Sorry Zirias I'm not the patch specialst
Two which directory do i specifly go ?
Which file do i safe as what ?
What is the exact command i should execute ?
What if i do a git pull --rebase ?


----------



## zirias@ (Oct 14, 2021)

Easiest method: Go to the root of your ports tree, type `patch -Np1`, hit enter, copy&paste the patch from above, hit Ctrl+D.
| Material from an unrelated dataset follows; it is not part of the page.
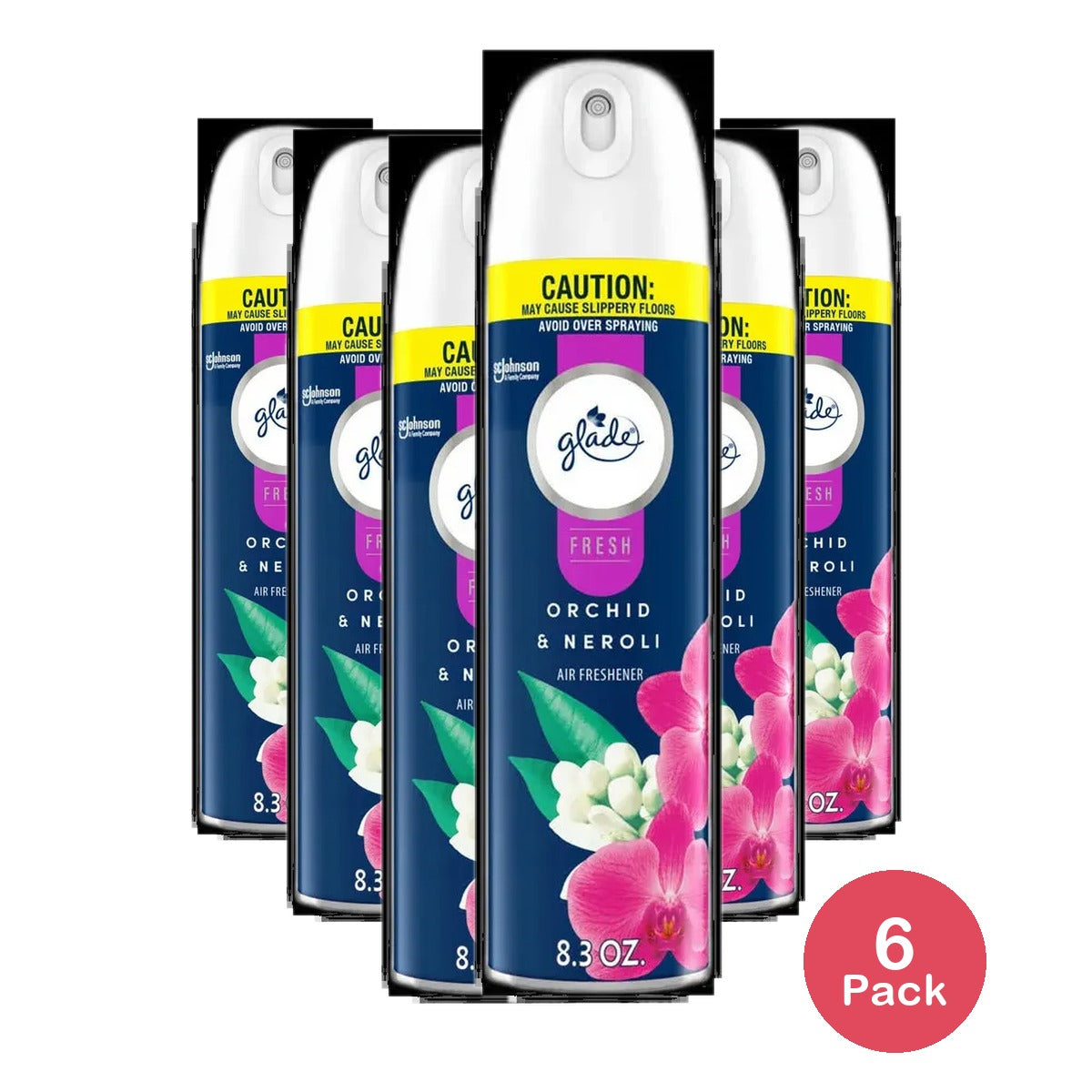 Glade Aerosol Spray Orchid & Neroli 8.3 oz (Pack of 6)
You could also change the line in Mk/bsd.tex.mk manually (as indicated by the `+` and `-` signs in the patch).



Alain De Vos said:


> What if i do a git pull --rebase ?


Either you commit the change locally, then the `pull --rebase` should always rebase it on whatever comes from upstream, or you `git stash` it before pulling and restore it with `git stash pop` afterwards. The latter can be automated, see for example https://cscheng.info/2017/01/26/git-tip-autostash-with-git-pull-rebase.html (and be sure to understand the consequences).


----------



## Alain De Vos (Oct 14, 2021)

I performed the diff manually. Now the port does not longer recompile.


----------



## zirias@ (Oct 14, 2021)

There's the long-standing PR 226983 about this issue, I added the patch there and linked this forum thread.


----------



## zirias@ (Oct 14, 2021)

Hehe, I analyzed it a bit further and I'm amazed to find the bug was actually introduced in August 2014. See my comment on the PR .

Seems very few people use the `SOURCE` option of that port, otherwise there would be no way this could be unfixed for THAT long.


----------